Siapakah Aku Bagi Sesamaku?
Manusia
hidup bukan sendirian saja. Manusia hidup dengan orang lain. Karena manusia
tidak hidup untuk dirinya sendiri inilah maka manusia dijuluki sebagai makhluk
sosial. Sebagai makhluk sosial, manusia berani keluar dari dirinya dan
menjumpai “aku-nya yang lain.” Dalam perjumpaan itu, ada interaksi yang
kondusif yang memperlihatkan bagaimana sikap saling menghargai dan
tolong-menolong antara satu dengan yang lain. Apabila sikap tolong menolong
dengan mengedepankan cinta kasih maka sebaiknya ada keberanian dari
masing-masing orang untuk mengorbankan diri demi orang yang dilayani.
Kisah
orang Samaria yang baik hati, memperlihatkan bagaimana sikap peduli terhadap
orang lain.
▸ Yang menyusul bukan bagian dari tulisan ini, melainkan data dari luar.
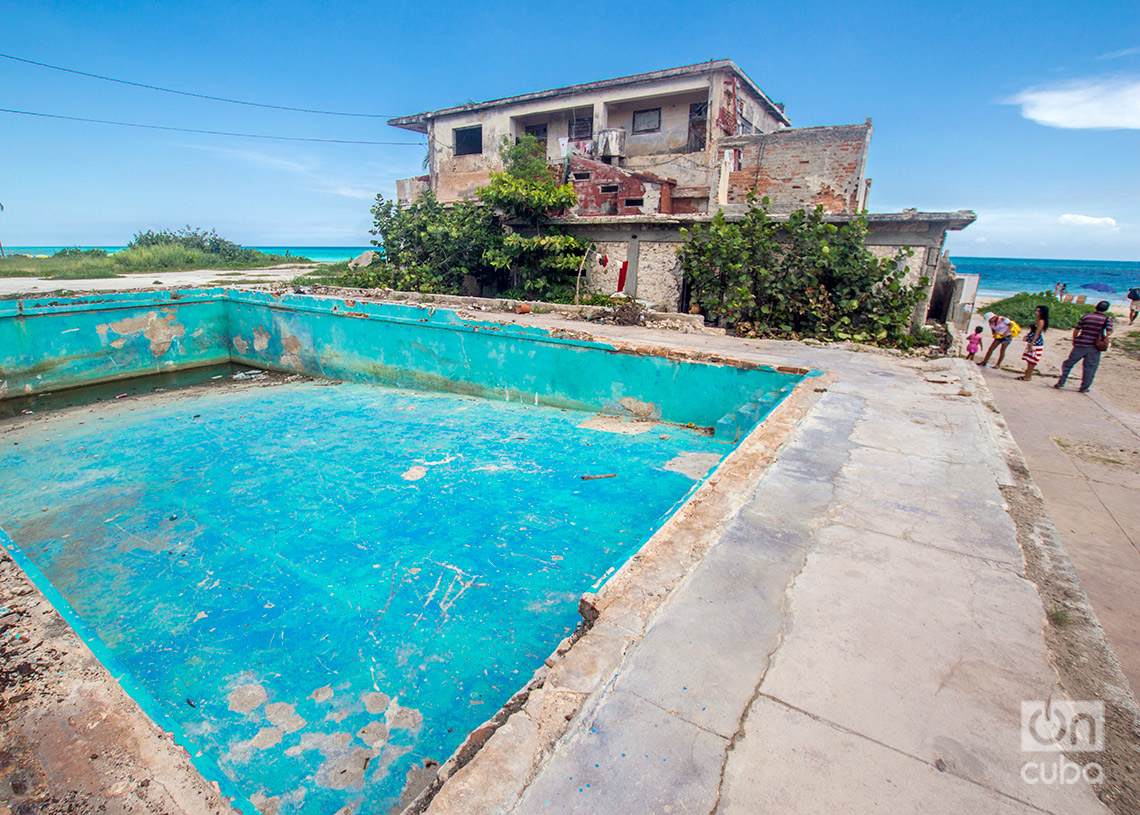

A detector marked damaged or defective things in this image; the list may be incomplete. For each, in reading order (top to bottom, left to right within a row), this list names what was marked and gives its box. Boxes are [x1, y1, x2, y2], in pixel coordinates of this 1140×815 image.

cracked pool wall [0, 291, 802, 437]
peeling paint on pool wall [2, 290, 802, 437]
peeling paint on pool wall [0, 290, 811, 811]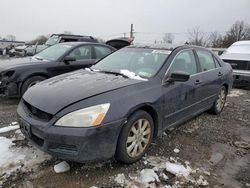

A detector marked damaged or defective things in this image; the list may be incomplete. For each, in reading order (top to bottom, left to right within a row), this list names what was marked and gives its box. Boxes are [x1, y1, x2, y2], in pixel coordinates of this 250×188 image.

damaged front bumper [16, 99, 124, 162]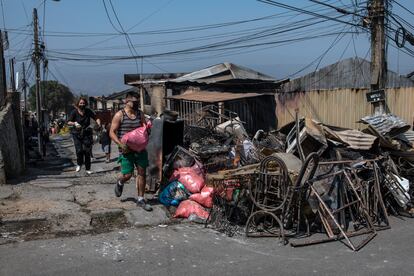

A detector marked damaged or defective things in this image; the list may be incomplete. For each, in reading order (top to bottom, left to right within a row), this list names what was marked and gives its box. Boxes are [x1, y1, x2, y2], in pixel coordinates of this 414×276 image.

burned house [124, 63, 286, 135]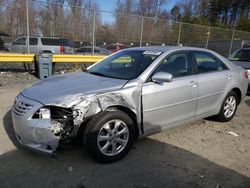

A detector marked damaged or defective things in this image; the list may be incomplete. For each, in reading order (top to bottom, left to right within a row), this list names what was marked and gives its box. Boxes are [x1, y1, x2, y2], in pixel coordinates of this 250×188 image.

crumpled hood [21, 71, 127, 106]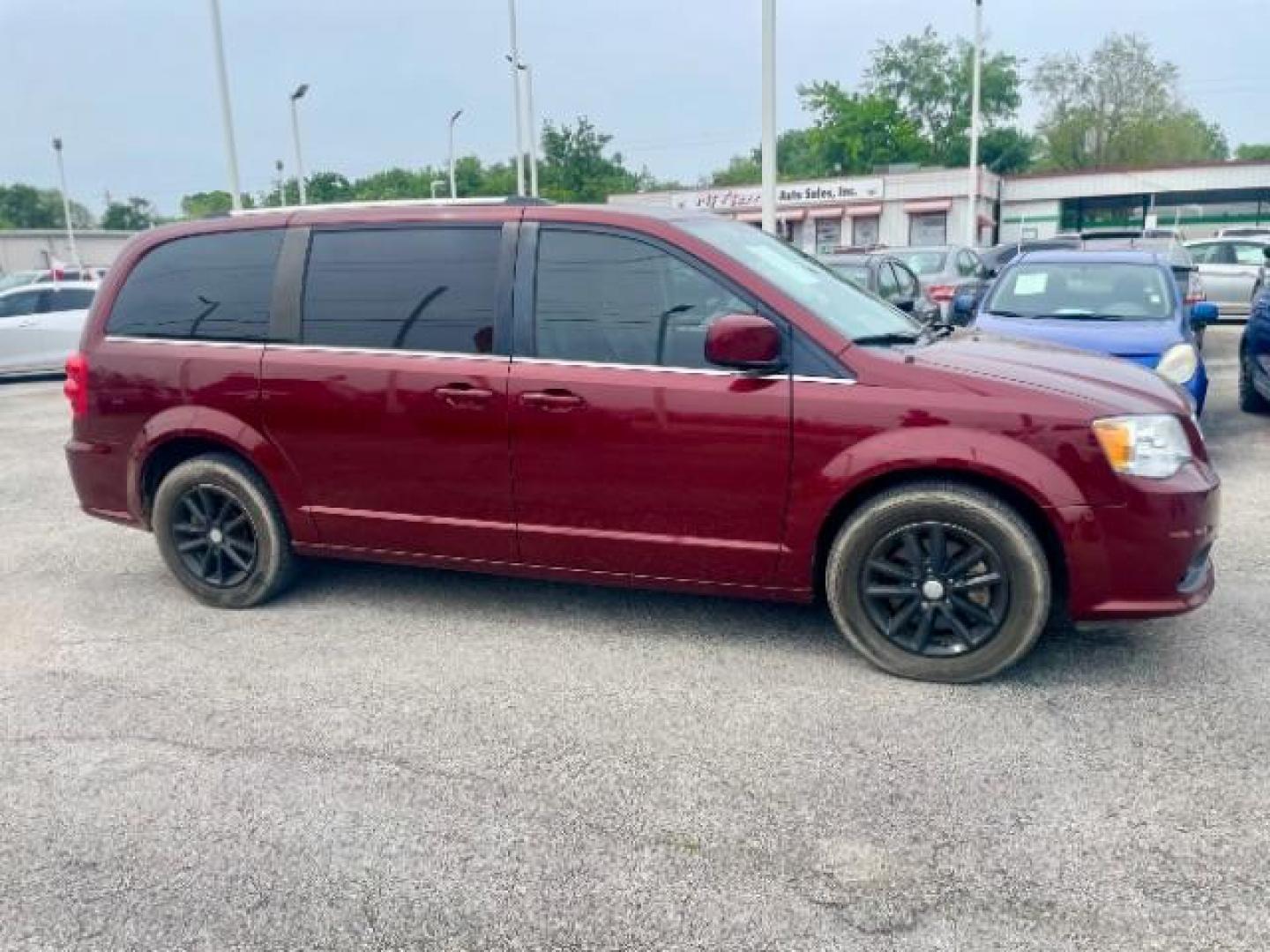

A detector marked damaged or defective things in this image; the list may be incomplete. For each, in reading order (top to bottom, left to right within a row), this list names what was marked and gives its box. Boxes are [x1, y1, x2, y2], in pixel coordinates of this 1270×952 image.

cracked asphalt [0, 326, 1263, 945]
Untuk memperlihatkan sikap baik kepada orang lain, orang Samaria
mesti keluar dari dirinya, mengurungkan sikap-sikap primordial agar ia dengan
leluasa berjumpa dengan orang lain. Karena tanpa mengurungkan sikap-sikap
primordial, seseorang masih terkekang oleh pandangan yang sempit dan pada
akhirnya orang enggan untuk melakukan sesuatu bagi orang lain.
Membangun
sikap peduli kepada orang lain merupakan suatu keharusan bagi kita yang menamakan
diri sebagai pengikut Kristus. Kristus telah memberikan diri-Nya untuk sebuah
pengorbanan yang utuh kepada manusia. Apa yang kita lakukan untuk orang lain
selalu bercermin pada Kristus yang telah mengorbankan diri bagi orang lain.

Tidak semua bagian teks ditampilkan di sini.